How does this function in practice? Let’s say, for instance that the United Torah Judaism party only receives 2.5% of the vote in a Knesset election. If there were no minimum electoral threshold, UTJ would receive 3 seats in the Knesset (.025 x 120= 3). But, because of the minimum threshold, UTJ would actually receive no seats in the Knesset in this scenario.
But, what happens to the percentage of the vote that went to UTJ? If in this scenario all the other political parties competing in this Knesset election received over 3.25% of the vote then that means only 117 Knesset seats would be assigned to these parties (.975 x 120=117). Does this mean that when a political party finishes below the minimum threshold that the Knesset simply has missing seats?
No, that’s not what happens. Instead, these voting percentages for parties under-the-threshold will be reallocated to the other parties. Let’s go back to our previous scenario- UTJ receives 2.5% of the vote. Let’s also say that only three other parties ran in this Knesset election: New Right, Likud and Shas. Let’s further say that all of them received 32.5% of the vote. That would mean that each of those parties would receive 39 Knesset seats total (.325 x 120= 39). But, because 2.5% of the vote went to UTJ, this 2.5% would be reallocated to these other parties based on their relative percentages of the vote. UTJ’s 2.5% translates to 3 total Knesset seats. Shas, Likud and New Right each received an equal amount of the vote. So, each of these parties who finished above the threshold would receive an extra Knesset seat.
To sum this up, in an election where the vote was UTJ- 2.5%, New Right- 32.5%, Likud- 32.5% and Shas- 32.5%, the seat distribution would be: UTJ- 0 seats, New Right 40 seats, Likud 40 seats, Shas 40 seats.
When votes are casted for parties that fail to get above the electoral threshold, then these votes are considered “wasted”. This threat of “wasted” votes presents a dilemma to smaller/fringe parties contemplating a Knesset run and their potential voters. On the one hand, having a party that, though fringe, would represent your interests specifically and effectively is useful. If you are a voter who believes in 100% of the UTJ policy platform and only 75% of the Likud policy platform, then voting for UTJ makes sense. Likewise, the parties themselves would rather have independent seats that they control instead of merging with a bigger party like Likud and being unable to effectively steer the direction of that party or, after the election, the coalition government.
On the other hand, if this party fails to get above the 3.25% threshold, then a vote for this party could backfire.
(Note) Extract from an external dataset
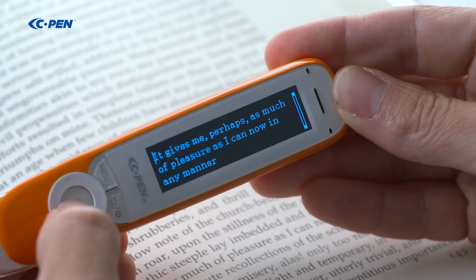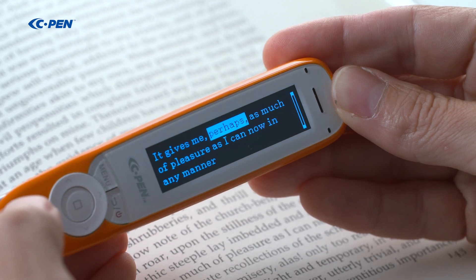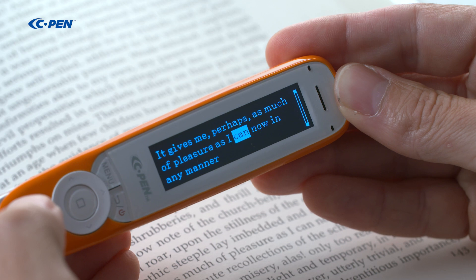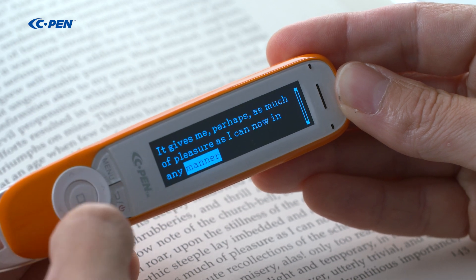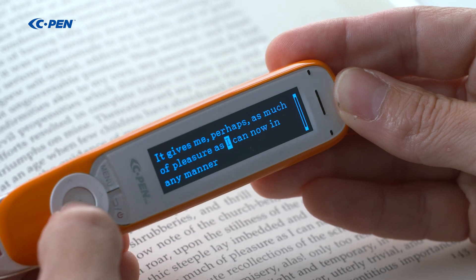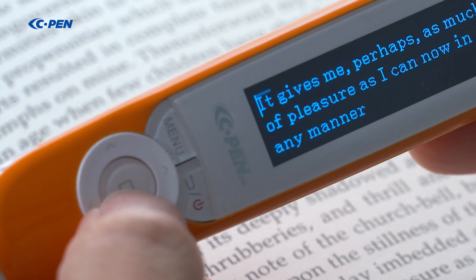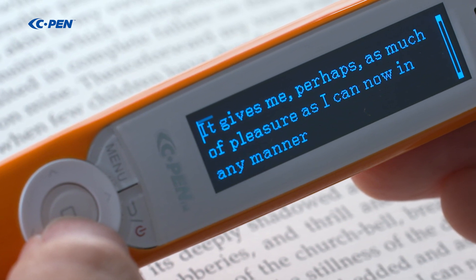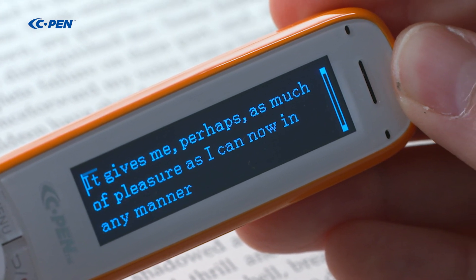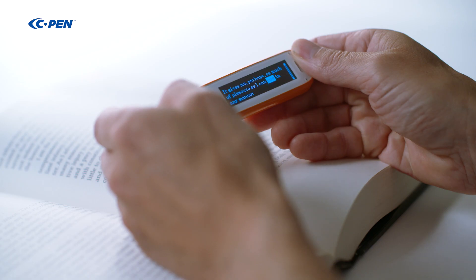Press the OK button to start reading again. To re-listen from any point, reposition the cursor and press the OK button. If any word is specifically difficult, it is possible to visually zoom in and have it separately pronounced. Select the word and press and hold the OK button.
These voters would not have their party in the Knesset and the politicians at the head of these parties not be able sit in the Knesset. Additionally, the votes that this party acquired could be distributed to parties that have the exact opposite ideology and policy preferences!
Let’s refer to the example we just used where UTJ finished below the threshold. Let’s also say that a large part of UTJ’s policy platform is concerned with maintaining gender separation in religious schools. Let’s also say that the New Right Party wants to end this practice of gender separation. In our example, voting for UTJ would help the New Right receive an extra Knesset seat. Thus, a voter or politician who desperately cares about maintaining genders separation would, through voting for or being a member of UTJ, have given more political power to a party that wants to defeat this policy.
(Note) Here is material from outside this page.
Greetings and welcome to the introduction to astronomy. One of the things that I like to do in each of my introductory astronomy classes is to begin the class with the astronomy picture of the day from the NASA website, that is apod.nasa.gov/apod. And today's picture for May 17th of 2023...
As these examples show, both voters and politicians in Israel have a lot to risk when they support fringe parties. The fact that this has been a facet of Israeli elections for several Knesset elections means that voters and politicians are aware of this risk and open to messaging from larger parties to decrease the likelihood of wasted votes.
Additionally, when building a coalition government, large parties often attempt increase the chance that the smaller/fringe parties that would be natural coalition partners finish above the threshold or merge with other parties. Likewise, these larger parties also try to encourage smaller/fringe parties on the opposite political bloc to stay independent, in the hopes that the “wasted” votes of this election will for parties on the opposing political bloc.